[Exercise objective] Only lines, not pictures: please repeat exactly the lines from the one with "Cream terry towel" through the end of the listing.

[Provided data]
::::

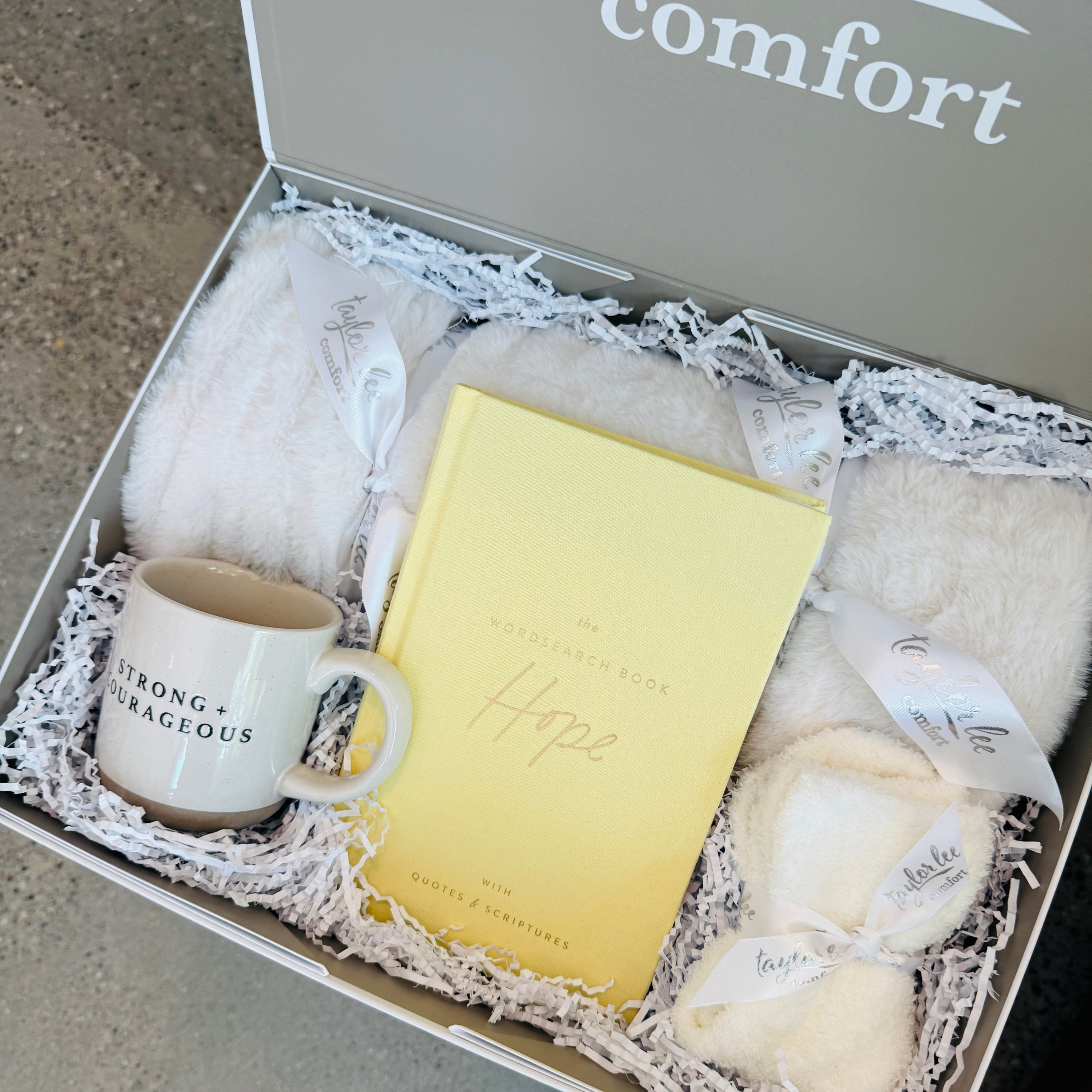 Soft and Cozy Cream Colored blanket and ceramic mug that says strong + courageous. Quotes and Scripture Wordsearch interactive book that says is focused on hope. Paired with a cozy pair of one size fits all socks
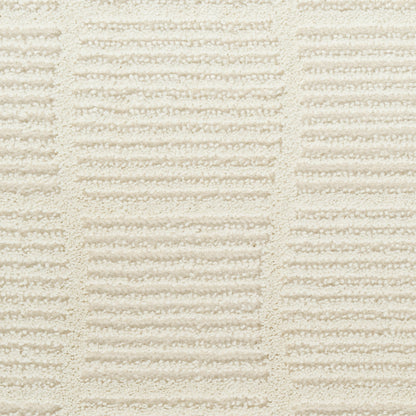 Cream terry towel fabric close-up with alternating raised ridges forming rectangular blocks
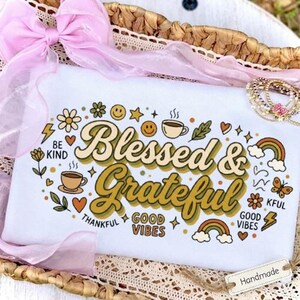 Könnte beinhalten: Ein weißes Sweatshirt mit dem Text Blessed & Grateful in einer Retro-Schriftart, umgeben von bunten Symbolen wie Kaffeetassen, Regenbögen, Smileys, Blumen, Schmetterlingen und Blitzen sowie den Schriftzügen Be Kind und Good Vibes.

::::

[Exercise response]
 Cream terry towel fabric close-up with alternating raised ridges forming rectangular blocks
 Könnte beinhalten: Ein weißes Sweatshirt mit dem Text Blessed & Grateful in einer Retro-Schriftart, umgeben von bunten Symbolen wie Kaffeetassen, Regenbögen, Smileys, Blumen, Schmetterlingen und Blitzen sowie den Schriftzügen Be Kind und Good Vibes.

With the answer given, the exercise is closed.